Sunday, April 27, 2008

Another Global Warming Threat: The Greenland Lake

greenland-meltwater-lake-crevasse

On July 29, 2006, there was a roughly 11-billion-gallon (0.044–cubic kilometer) lake that stretched more than two square miles (5.6 square kilometers) and covered the western portion of Greenland’s massive ice sheet. In the span of 16 hours, it was gone. The reason: water pressure cracked through the more than half-mile (980-meter) thick ice, draining the lake as its water rushed through the new funnel and gathered below the giant ice sheet, raising it nearly four feet (1.2 meters) and moving it nearly three feet (0.8 meter) to the north.

“My co-workers and I had proposed models [in which] meltwater gets to the bed when a lake fills a crevasse, thus driving the crack down,” says glaciologist Richard Alley of Pennsylvania State University who was not involved in the study. Now glaciologist “[Sarah] Das [and her colleagues] have observed it—more than Niagara plunging into Greenland!”

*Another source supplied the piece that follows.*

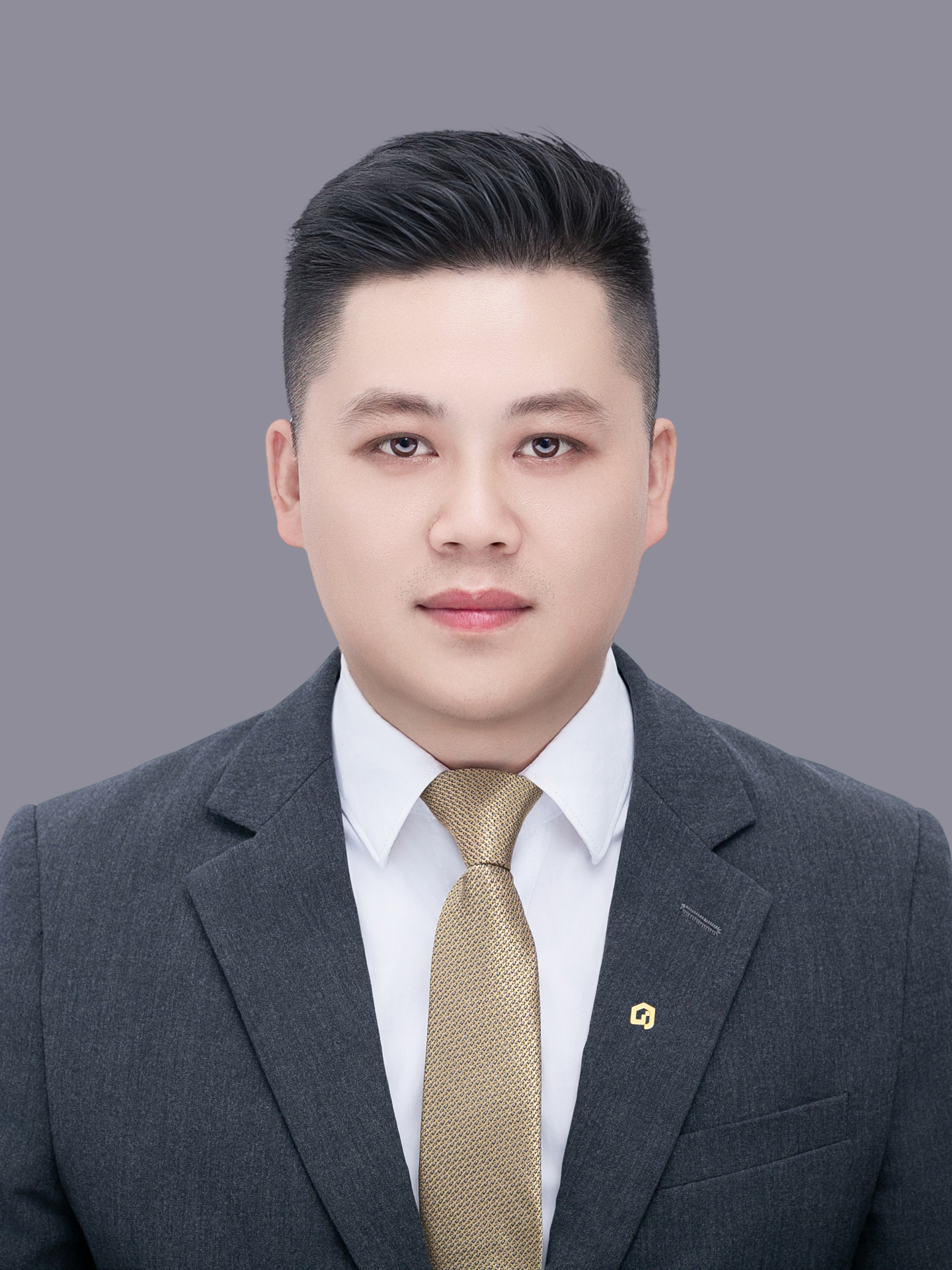 经纪人曾邦勇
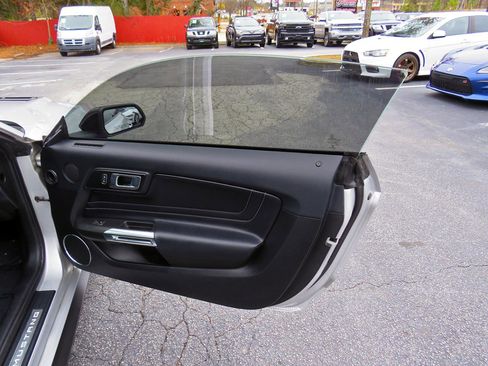 Used 2019 Ford Mustang GT Premium w/ GT Performance Package image 18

http://images.businessweek.com/story/08/600/0417_ice.jpg

In fact, Niagara Falls’s flow per second can be as fast as 202,000 cubic feet (5,720 cubic meters) of water; the glacial lake drained at pace of 307,237 cubic feet (8,700 cubic meters) per second. The meltwater below the glacier then flowed away through channels in the rock below, allowing the ice to subside back to its normal position.

Das of the Woods Hole Oceanographic Institution in Massachusetts, geophysicist Ian Joughin of the University of Washington in Seattle and an international team were the first scientists to observe and report such rapid drainage of a meltwater lake. They also used satellite and ground-level observations from September 2004 to August 2007 to determine that the glaciers of western Greenland are speeding up in their flow to the sea due to a combination of meltwater and more icebergs “calving,” or breaking off of the glaciers.